In some ways, 2015 was a very normal year in Britain's drug world. Prisoners got wasted on the latest substance that couldn't be picked up by random jail drug tests, clubbers fell in love with E again and the media found a new drug to freak out about. Meanwhile, drug users continued to die in record numbers from overdoses.
But amid all the usual happenings, tensions began to quietly play out between those who come up with drug policy and those who enforce it: the government got itself in a muddle working out what it actually means to get high, while the police came to the conclusion that chasing people for drugs was not only futile but largely counterproductive.
Announced in the Queen's Speech in May, the Psychoactive Substance Bill 2015 was drawn up for a logical reason: The government could not ignore the fact there were shops selling powerful drugs—your Gocaines, your El Blancos, your Psy-clones—to people on Britain's main streets.
But in trying to tackle this problem, Home Secretary Theresa May appeared to have entered a scientific and philosophical hall of mirrors, in which she got so bamboozled by the complexities of human intoxication that she stumbled out and decided it was best to ban anything that affects a person's "mental functioning or emotional state," be it harmless or not (as long as it's not something not worth millions of pounds to the Treasury, such as alcohol, caffeine, or nicotine).
So when the Bill is enacted in April of next year, nutmeg, nitrous oxide, poppers, and a host of mildly psychoactive garden centre products such as morning glory seeds—as well as substances that haven't been invented or discovered yet—will likely be outlawed alongside the potent synthetic drugs that were the original targets of the legislation. However, the government has accepted that personal possession of the newly-banned drugs will not be an offense because it would criminalize otherwise law-abiding people.
Yet, as the government tries to ban its way out of a hole, while still parroting the fact it would not touch decriminalization of old-school drugs with a bargepole, its street-level enforcers appear to be edging away from the war on drugs.
In July, three police forces—Durham, Derbyshire, and Dorset—declared they were not going to bother pursuing cannabis smokers, nor people found cultivating a small number of cannabis plants (an offense that carries a maximum sentence of 14 years).
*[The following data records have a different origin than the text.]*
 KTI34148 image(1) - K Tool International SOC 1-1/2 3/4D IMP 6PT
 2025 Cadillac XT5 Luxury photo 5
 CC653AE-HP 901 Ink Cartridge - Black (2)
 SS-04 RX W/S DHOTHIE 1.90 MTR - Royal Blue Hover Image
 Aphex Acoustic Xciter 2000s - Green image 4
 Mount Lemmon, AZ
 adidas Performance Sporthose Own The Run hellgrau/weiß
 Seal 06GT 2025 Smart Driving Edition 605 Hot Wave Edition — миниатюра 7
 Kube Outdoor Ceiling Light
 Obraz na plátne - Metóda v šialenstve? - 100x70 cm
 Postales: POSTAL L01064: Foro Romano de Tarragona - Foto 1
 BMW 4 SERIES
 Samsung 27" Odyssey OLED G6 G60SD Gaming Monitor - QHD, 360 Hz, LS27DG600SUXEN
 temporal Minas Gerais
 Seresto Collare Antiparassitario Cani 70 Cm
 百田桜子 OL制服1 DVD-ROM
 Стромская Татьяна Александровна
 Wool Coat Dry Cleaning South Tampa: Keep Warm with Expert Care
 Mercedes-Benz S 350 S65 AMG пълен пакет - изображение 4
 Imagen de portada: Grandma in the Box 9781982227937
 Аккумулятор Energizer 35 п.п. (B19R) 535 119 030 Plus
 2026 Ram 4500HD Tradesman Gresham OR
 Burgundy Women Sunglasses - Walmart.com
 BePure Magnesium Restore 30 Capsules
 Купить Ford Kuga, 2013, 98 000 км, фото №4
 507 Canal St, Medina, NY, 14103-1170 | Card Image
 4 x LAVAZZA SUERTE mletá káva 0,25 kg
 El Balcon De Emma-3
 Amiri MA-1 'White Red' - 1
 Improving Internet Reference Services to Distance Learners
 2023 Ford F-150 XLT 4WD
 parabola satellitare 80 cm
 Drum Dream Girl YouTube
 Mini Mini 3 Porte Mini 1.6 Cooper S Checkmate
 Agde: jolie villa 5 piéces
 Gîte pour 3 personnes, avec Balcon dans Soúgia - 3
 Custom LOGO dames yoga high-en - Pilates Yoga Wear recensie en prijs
They said there were more important things to be doing with limited resources.
While there are still ridiculous, Gulf State-style cases where people are being slapped with a criminal record for possession of barely enough cannabis to make a spliff, there is evidence to show that these three forces are not the only ones briefing their officers to ignore low-level drug offenses.
Despite steady levels of cannabis use over the past four years—and the fact it's not exactly hard to detect people smoking skunk in public—the number of people being booked for weed possession has fallen by almost a third over that time, from 145,400 in 2011-12 to 101,905 in 2014-15.
Cannabis warnings (the first stage of enforcement action) have fallen too, from over 100,000 issued in 2009 to 60,000 in 2014. Penalty Notices for Disorder (on the spot fines commonly used for the crime of cannabis possession) fell from 16,277 to 11,417. What's more, over the last year, there has been a 17 percent drop in police raids on cannabis farms and a fall in the number of people cautioned and prosecuted for cannabis cultivation.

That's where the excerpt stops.